- _Your assignment_
Pull out every line from the line containing "this 630×395 image." through the end of the material, both ends included, and reproduce it exactly. Keep pictures out.
· · · · · · ·
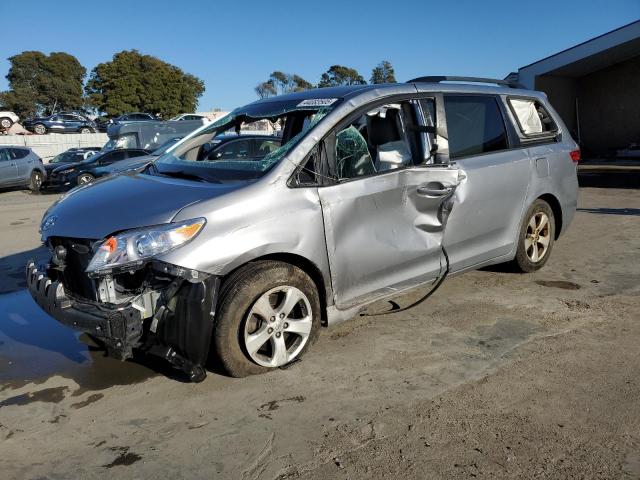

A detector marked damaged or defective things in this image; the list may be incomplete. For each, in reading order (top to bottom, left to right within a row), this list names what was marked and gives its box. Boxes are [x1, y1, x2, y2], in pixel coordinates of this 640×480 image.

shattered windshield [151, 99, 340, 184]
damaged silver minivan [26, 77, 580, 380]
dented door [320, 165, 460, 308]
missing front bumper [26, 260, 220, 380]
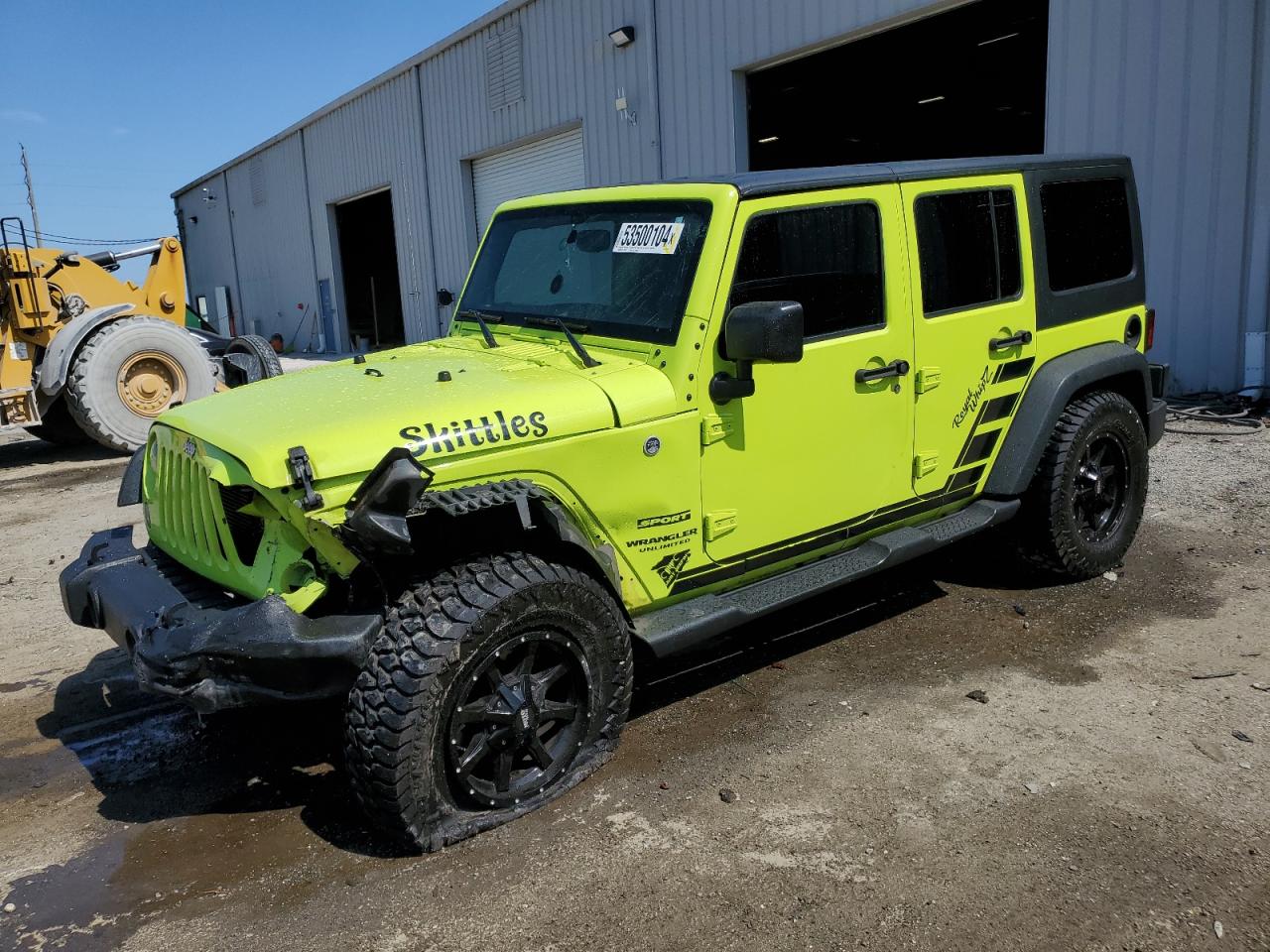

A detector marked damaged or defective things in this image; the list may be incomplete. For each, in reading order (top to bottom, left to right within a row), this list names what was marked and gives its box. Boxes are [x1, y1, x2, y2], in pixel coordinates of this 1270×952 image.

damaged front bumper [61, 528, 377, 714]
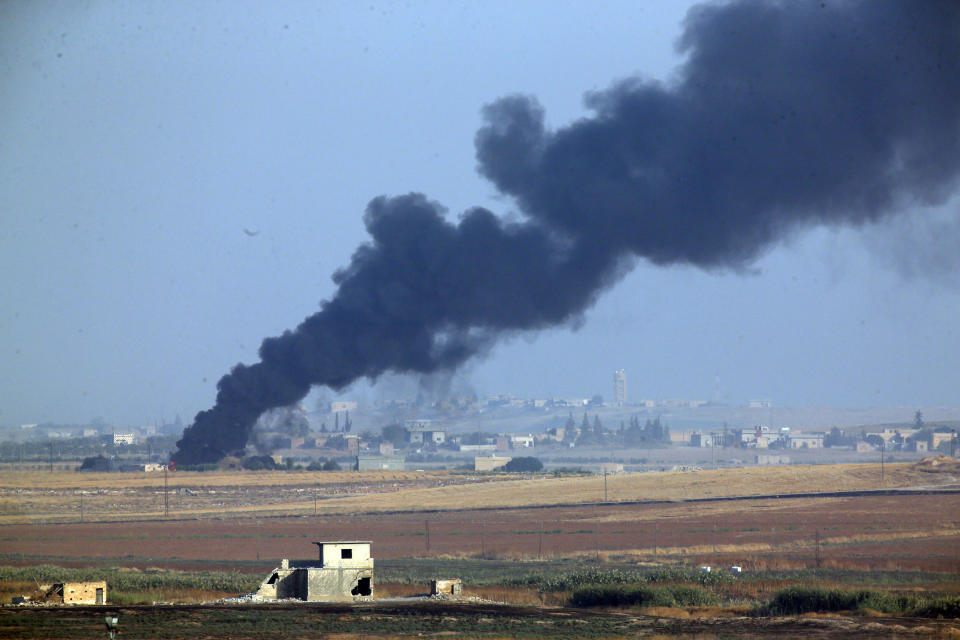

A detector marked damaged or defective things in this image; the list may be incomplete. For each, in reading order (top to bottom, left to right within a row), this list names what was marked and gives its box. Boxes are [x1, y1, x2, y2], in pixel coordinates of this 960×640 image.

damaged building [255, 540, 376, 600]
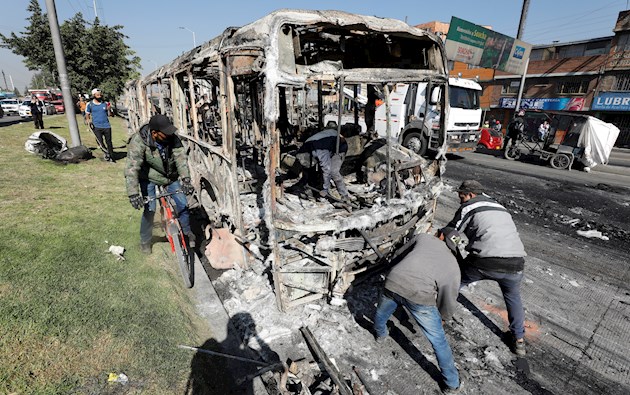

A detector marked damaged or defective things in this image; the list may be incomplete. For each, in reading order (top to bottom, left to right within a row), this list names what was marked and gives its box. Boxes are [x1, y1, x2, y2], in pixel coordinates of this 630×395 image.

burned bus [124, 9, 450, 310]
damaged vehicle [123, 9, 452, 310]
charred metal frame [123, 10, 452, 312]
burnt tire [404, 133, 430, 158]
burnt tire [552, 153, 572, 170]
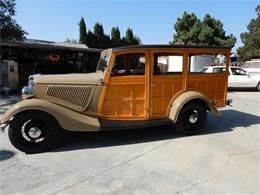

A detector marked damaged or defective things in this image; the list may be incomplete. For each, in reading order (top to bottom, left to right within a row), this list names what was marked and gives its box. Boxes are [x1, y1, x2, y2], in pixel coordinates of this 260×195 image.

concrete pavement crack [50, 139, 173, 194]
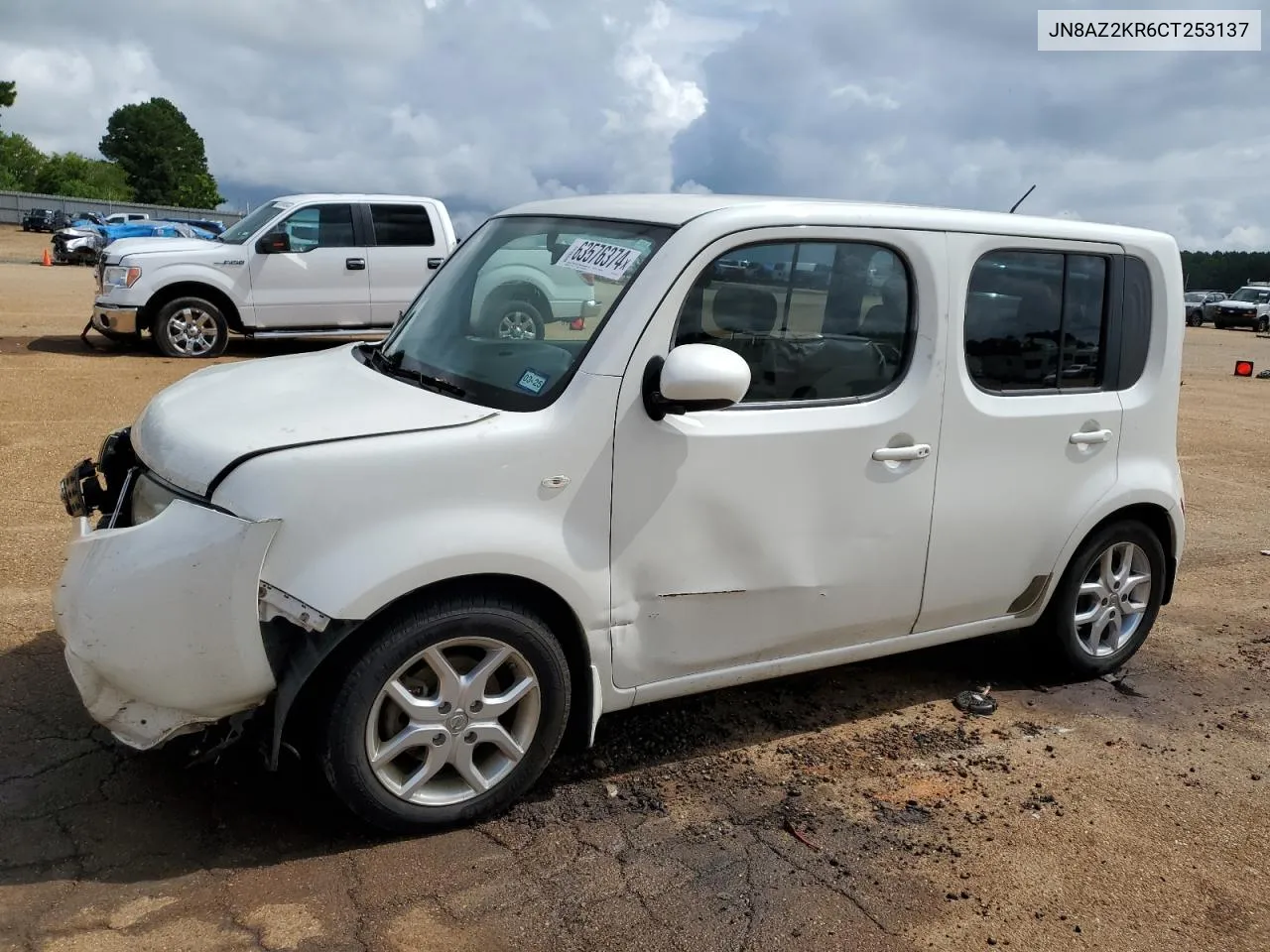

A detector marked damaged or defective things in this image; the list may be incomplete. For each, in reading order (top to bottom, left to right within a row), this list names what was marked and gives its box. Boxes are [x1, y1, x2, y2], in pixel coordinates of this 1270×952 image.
· · · · · · ·
- _Task result_
A detector marked damaged or defective things in this image; the list may be incomplete. For each, in reading order (top to bottom, left to right within a row), this list names what was marked and gives its box. Boxes are [x1, y1, x2, y2], in pixel coordinates of this 630×395 image.

burned bus [124, 9, 450, 310]
damaged vehicle [123, 9, 452, 310]
charred metal frame [123, 10, 452, 312]
burnt tire [404, 133, 430, 158]
burnt tire [552, 153, 572, 170]

A detector marked damaged or defective things in this image; the list may be incomplete. For each, in reading order (top to bottom, left to right within a row), this list names what was marked and gives its box. Boxes are [x1, y1, x2, y2], in pixel coordinates of this 260×195 image.

concrete pavement crack [50, 139, 173, 194]

A detector marked damaged or defective things in this image; the list may be incomplete. For each, in reading order (top to bottom, left to right within a row), this list names what was marked and gives its box. Boxes are [x1, y1, x2, y2], in pixel coordinates of this 1270×952 image.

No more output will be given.